My name is Fred and I am a gay conservative living in Ottawa. This blog supports limited government, the right of the State of Israel to live in peace and security, and tries to expose the threat to us all from cultural relativism, post-modernism, and radical Islam. I am also the founder of the Free Thinking Film Society in Ottawa (www.freethinkingfilms.com)

Saturday, June 13, 2009

Wind power just doesn't make sense...

The Financial Post published two opinion pieces on wind power...one for wind by Amory Lovins, and one against by Michael J. Trebilcock excerpted below...
1 If electricity generated by wind power is competitive with other forms of electricity generation, why does it require such large subsidies? In 2008, the U.S. Energy Information Administration reported the following relative subsidies, on a dollar-per-megawatt-hour basis, for 2007: natural gas at 25¢, coal at 44¢, hydro at 67¢, nuclear at $1.59 — and wind at $23.37. And why is the proposed feed-in tariff for wind power in Ontario ($13.5 per kilowatt hour) and related costs at least twice the prevailing price for electricity in the province? If wind power is competitive, why doesn’t the wind industry renounce all subsidies?

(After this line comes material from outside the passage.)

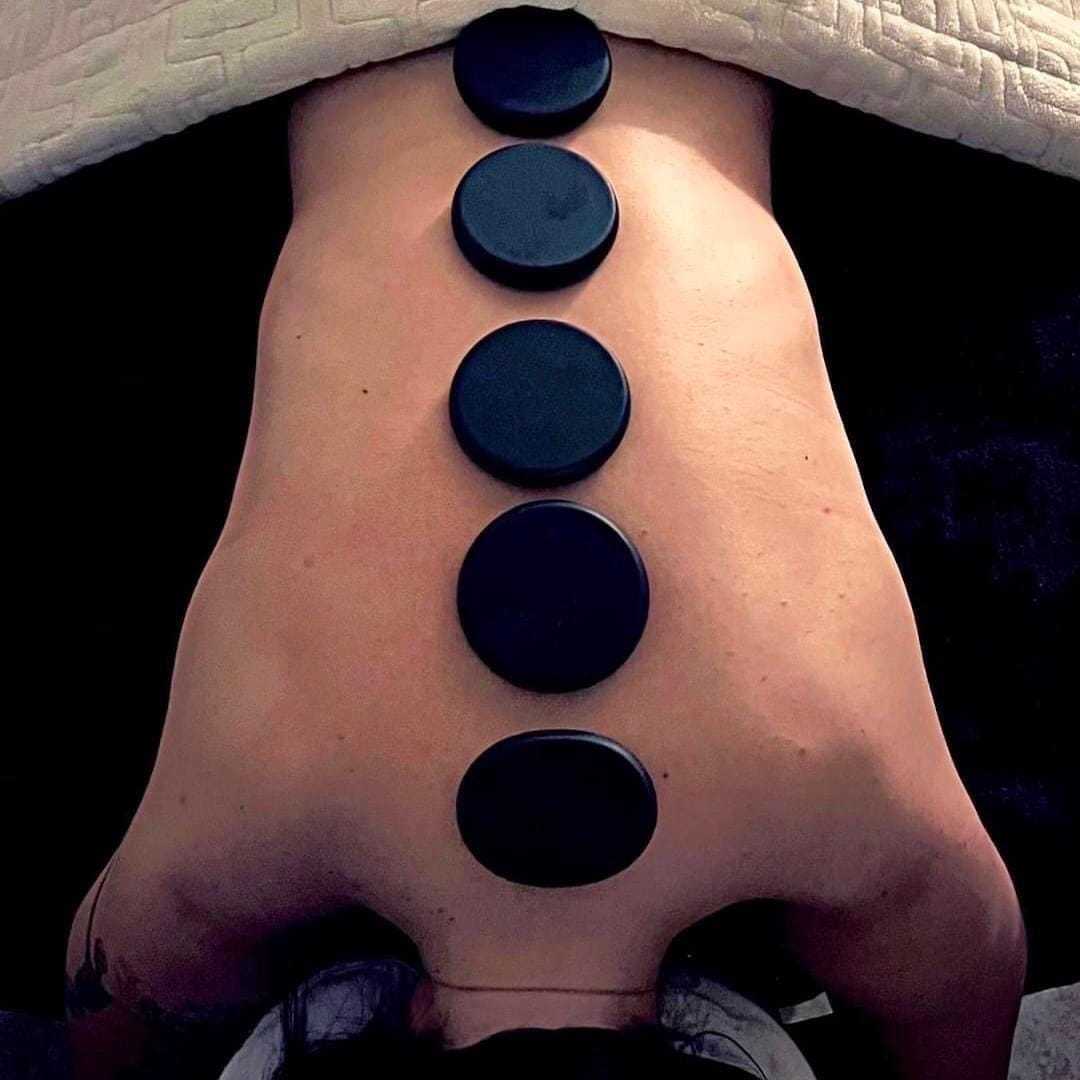 Person receiving a hot stone massage with five stones placed along their back.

2 If wind power has had such a dramatic impact on carbon emissions in Denmark, why is it that European Environment Agency data show that carbon emissions in Denmark have been essentially flat over the period 1990-2007 (with some year-to-year variation), while wind production has increased dramatically over this period? Why “adjust” these emission figures downwards to reflect electricity exports (sold at a substantial loss) when these are displacing carbon-free hydro and nuclear power in neighbouring countries?

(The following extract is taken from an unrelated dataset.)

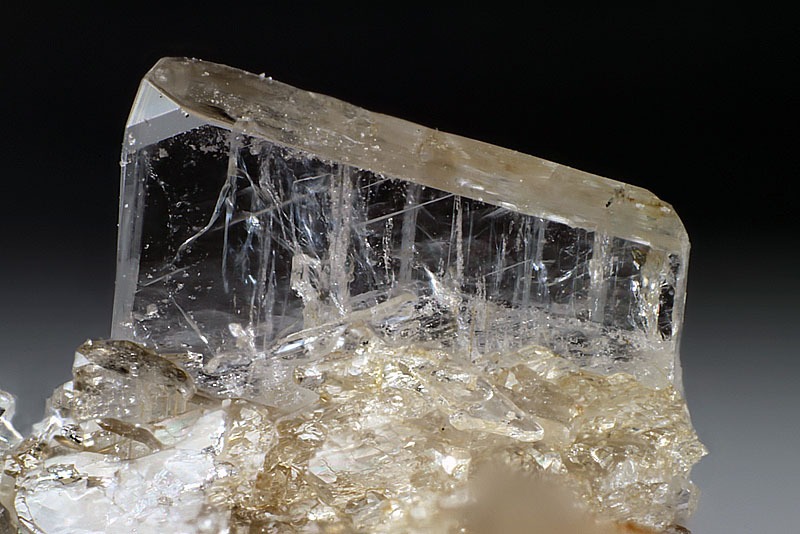 A transparent, tabular Sanidine crystal with a vitreous luster, showcasing its characteristic monoclinic structure and glassy clarity.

3 Given the meagre and intermittent electricity output from wind turbines, how can it possibly displace most conventional sources of power? In his recent book, Sustainable Energy — Without the Hot Air (UIT), reviewed by The Economist magazine, David Mackay’s estimates imply that to replace 90% of existing electricity generation in the U.K. with wind power, the entire country would have to be blanketed with wind turbines. Even if wind turbines can displace some conventional sources of electricity, what is gained by this when, as in Ontario, 75% of current generation output is already carbon-free and when hydro-abundant provinces could substantially increase clean electricity exports to the United States (displacing dirty electricity there) if domestic electricity were priced at its opportunity costs (with rebates to low-income consumers)?

4 How credible are claims that wind power can create significant new “green” jobs, when either higher production costs to electricity-intensive industries, or higher subsidies and hence tax burdens, are likely to kill far more jobs?